Bárbara Leitão, assistente administrativa da ECA, afirmou que o núcleo foi oficialmente coordenado por um professor da USP durante todo o período que foi ligado à escola. Ela reiterou que a administração da ECA não é uma instância fiscalizadora, portanto não tem como saber o que ocorre na prática.

Desde março de 2008 o José Reis foi transformado em um Núcleo de Apoio às Atividades de Cultura e Extensão Universitária (Nace) e passou a responder à Pró-Reitoria de Cultura e Extensão. A Pró-Reitoria afirma que o relatório do Nace está sendo analisado pela consultoria jurídica da Universidade.

As contas do José Reis são complicadas.
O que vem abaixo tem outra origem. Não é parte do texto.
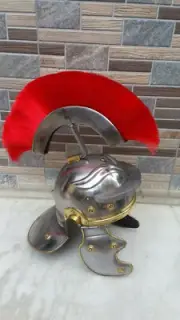 Ancient Vintage Spartan Knight Roman Centurion Armor Helmet Larp Halloween Item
Como todo Núcleo de Apoio às Atividades de Cultura e Extensão, ele não pode receber verbas da USP, deve conseguir recursos de fora da Universidade. Gloria diz que o professor emérito da USP e ex-presidente do CNPq, Crodowaldo Pavan, falecido em abril do ano passado, ajudava financeiramente o NJR: “o professor Pavan dividia a bolsa de pesquisa dele comigo e usava também uma parte da sua verba para custear o núcleo. A bolsa nós recebemos até julho, mesmo depois da morte dele”.

O curso de especialização oferecido pelo núcleo também o mantém. Osmir Nunes conta que o NJR tem um gasto próximo a R$ 5 mil por mês. O curso chegava a render até R$ 4,3 mil reais.
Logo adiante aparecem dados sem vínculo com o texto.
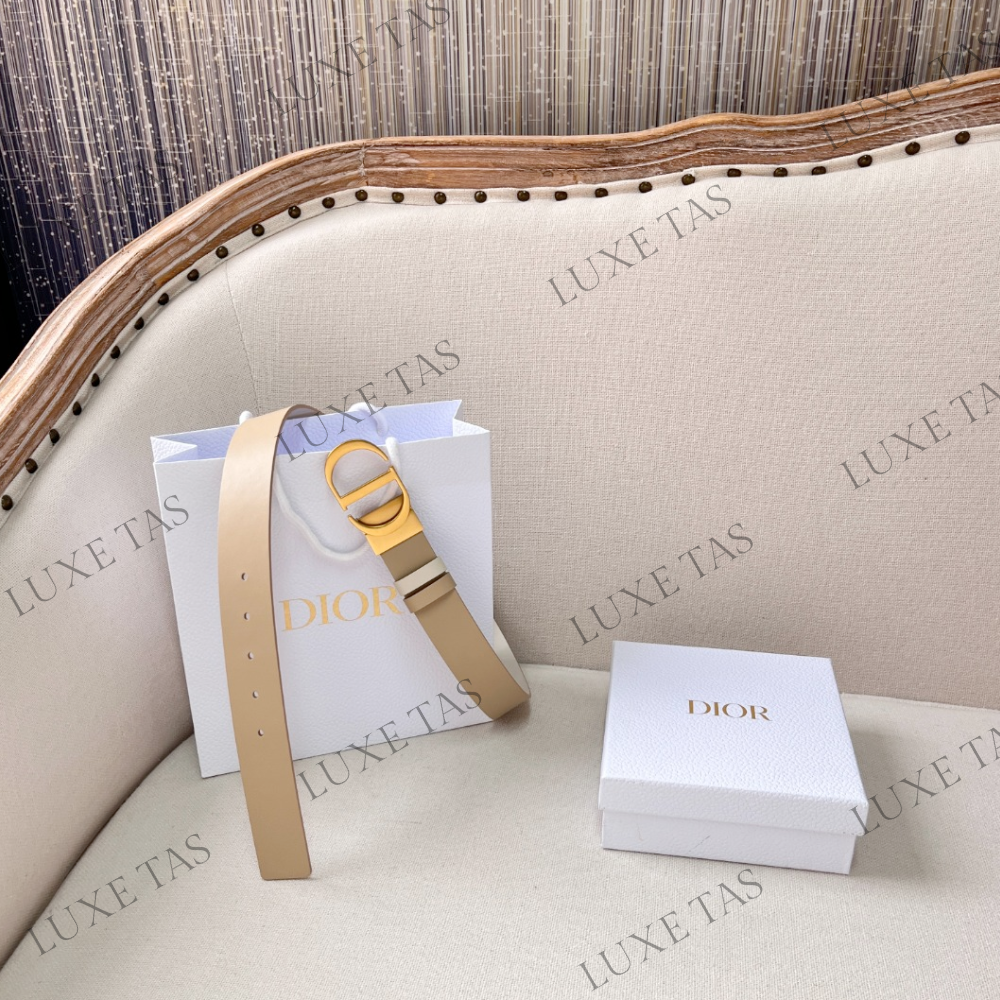 35mm Latte and Beige 30 Montaigne Reversible Belt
Mauro Celso Destácio, que trabalhou no núcleo até 2007 como editor, disse ter começado como estagiário recebendo uma bolsa Fapesp de iniciação científica em 1997. Após se formar, continuou trabalhando no José Reis e passou a ser remunerado com a verba arrecadada pelo curso de especialização. O valor não passava de R$ 500,00 por mês. “Não enriqueci com o núcleo, longe disso, ninguém ganha dinheiro lá”, disse.

De acordo com a assessora acadêmica da ECA, o curso foi aprovado apenas em 2002. “Na Escola de Comunicações e Artes, nenhuma outra edição da especialização foi devidamente reconhecida”. Osmir Nunes diz, no entanto, que o curso existe desde 2000.

Produção científica

Além do curso, o núcleo produz informativos impressos, três newsletters por mês e os livros da “Coleção Divulgação Científica”. Um dos antigos estagiários do NJR, que não quis se identificar, confirmou o grande volume de produção acadêmica, mas questionou seu conteúdo. “A gente tinha que fechar o informativo, a revista, fechava com qualquer coisa”.

O destino do acervo do NJR é incerto. Independente dos problemas envolvendo a gerência ou “moralização” do núcleo, o prédio B9 dos “barracões” deverá ser demolido, como mostra matéria do Jornal do Campus nessa edição. Não foi informado o que será feito dos livros que faziam parte da biblioteca pessoal de José Reis, cientista que chegou ao cargo de chefe de redação da Folha de S. Paulo. De acordo com o geógrafo e professor emérito da USP, Aziz Ab’Saber, “o acervo é muito importante e precisa ser bem protegido e bem exposto”. Aziz conheceu José Reis e confirma ter dado palestras e participado de um evento no núcleo ainda este ano. O professor é citado por Osmir Nunes numa carta à Pró-Reitoria como um dos apoiadores do núcleo. Apesar de desconhecer a carta, Aziz manifesta apoio à equipe em relação ao acervo: “eu conheço o trabalho deles e admiro muito”. Ele diz, no entanto, não ter conhecimento sobre a produção científica do NJR.